WORK TO COMPLETE |
The listing below holds pictures; exclude them. Return exactly the lines from the one with "Brunello Cucinelli Tapered-leg wool trousers" through the one with "Союз пенсионеров России".

MATERIAL FOR THE TASK |
---*---

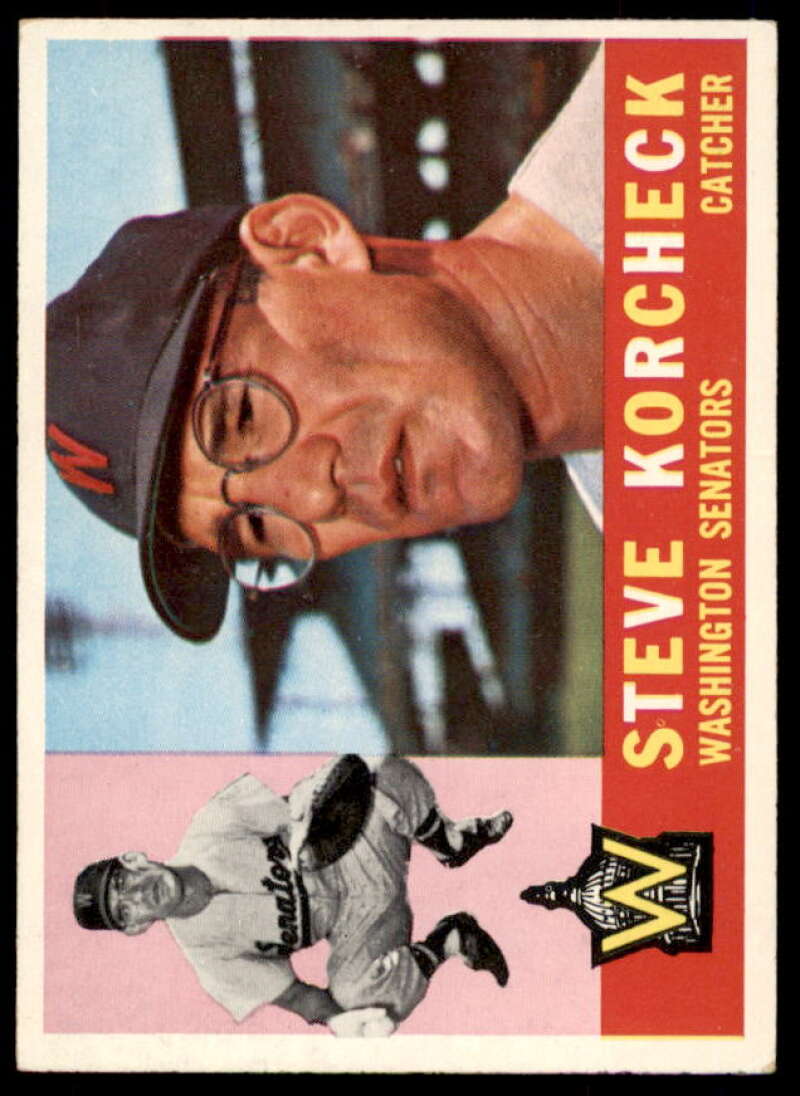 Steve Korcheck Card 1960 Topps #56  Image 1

---*---

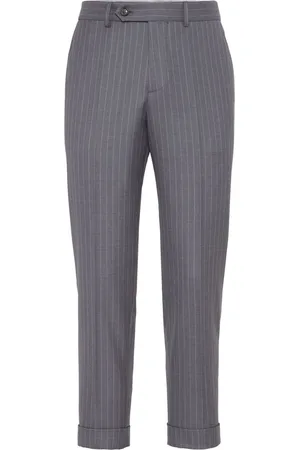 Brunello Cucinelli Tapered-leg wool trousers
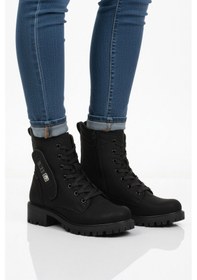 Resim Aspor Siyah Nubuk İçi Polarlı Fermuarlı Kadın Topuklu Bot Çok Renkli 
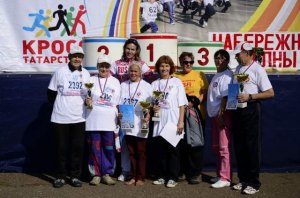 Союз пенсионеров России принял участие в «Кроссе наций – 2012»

---*---

SOLVED PROBLEM |
 Brunello Cucinelli Tapered-leg wool trousers
 Resim Aspor Siyah Nubuk İçi Polarlı Fermuarlı Kadın Topuklu Bot Çok Renkli 
 Союз пенсионеров России принял участие в «Кроссе наций – 2012»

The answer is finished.